For many artists, that might sound manageable. For me, it was daunting.
I am not a production artist. I don’t replicate forms endlessly or work half-consciously while something hums in the background. Each piece takes time—sometimes painful time. Ideas arrive slowly, shaped by contemplation, doubt, and the need for each work to be distinct from the last. Nothing happens overnight, and when it does happen quickly, it usually hurts.
Still, I agreed.
At the time, I was working ten-hour shifts, often driving coworkers home afterward. Some nights I’d run a short loop just to clear my head, then head straight into the basement, pulling on overalls and carving until exhaustion made it unsafe to continue. This was during a two-week rotation, which meant working Saturdays as well. Sleep became a deficit. If eight hours was the goal, I was living on four to six—sometimes less.
And yet, the work I produced during that period remains among my strongest.
The Role of Pressure
Looking back, I understand why. The request from a reputable gallery, combined with the responsibility of providing for a newborn, created a pressure I couldn’t escape.
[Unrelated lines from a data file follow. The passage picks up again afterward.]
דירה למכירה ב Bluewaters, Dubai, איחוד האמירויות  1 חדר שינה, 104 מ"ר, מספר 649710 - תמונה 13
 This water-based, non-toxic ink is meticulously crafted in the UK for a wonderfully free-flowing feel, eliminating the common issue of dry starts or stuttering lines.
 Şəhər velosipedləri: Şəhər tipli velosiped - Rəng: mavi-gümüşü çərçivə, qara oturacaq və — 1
Survival became motivation. The desire to be better than yesterday wasn’t philosophical—it was necessary.
That kind of pressure strips away excess. It forces clarity. It reveals what matters.
I was reminded of this recently in an entirely different context.
A Night in the Storm
After a family gathering nearly an hour and a half away, I began driving home through worsening snow squalls. Visibility dropped to nothing, then cleared just long enough to reveal another drift ahead. The road became a tunnel of white noise and instinct.
I had good tires. A solid vehicle. Music loud enough to keep me alert. There was a strange focus that set in—the kind that appears when there’s only one job: get through.
Near home, I realized I’d made a selfish mistake. My brother was still stranded nearly an hour back, stuck in the middle of nowhere as conditions worsened. Without much hesitation, I turned around.
What followed was hours of frozen wind, soaked clothing, cars abandoned in ditches, pulling strangers free, getting stuck myself, then helping coordinate a long, roundabout rescue. At one point, I rolled into a gas station with the gauge reading negative distance—somehow still moving, rationed by the hybrid system just long enough to survive the last stretch.
I was wired. Focused. All or nothing.
My sister-in-law later told me she didn’t recognize my voice when I spoke to her. That survival self had taken over.
Why This Matters to Art
As viewers, it’s easy to miss what goes into a finished work. The sweat. The exhaustion. The moments where failure feels imminent.
Van Gogh is an obvious example—not because of his suffering alone, but because his work holds both torment and grace at once. We feel it. His paintings carry the tension between despair and reverence for life, fused into something enduring.
I believe that kind of intensity—whether born of necessity, responsibility, or sheer will—brings us closer to our core selves. When an artist works from that place, something transfers through the medium. Not consciously. Not deliberately. But unmistakably.
What Endures
Sometimes, it’s the need to overcome—regardless of circumstance—that deepens the value of the work. Not because suffering is noble, but because pressure reveals truth. It strips away pretension and leaves only what’s essential.
When that drive finds its way into the work, it gives the piece a pulse. A weight. A presence.
And perhaps that’s what we respond to most—not perfection, but the quiet evidence that someone pushed through something real to bring it into being.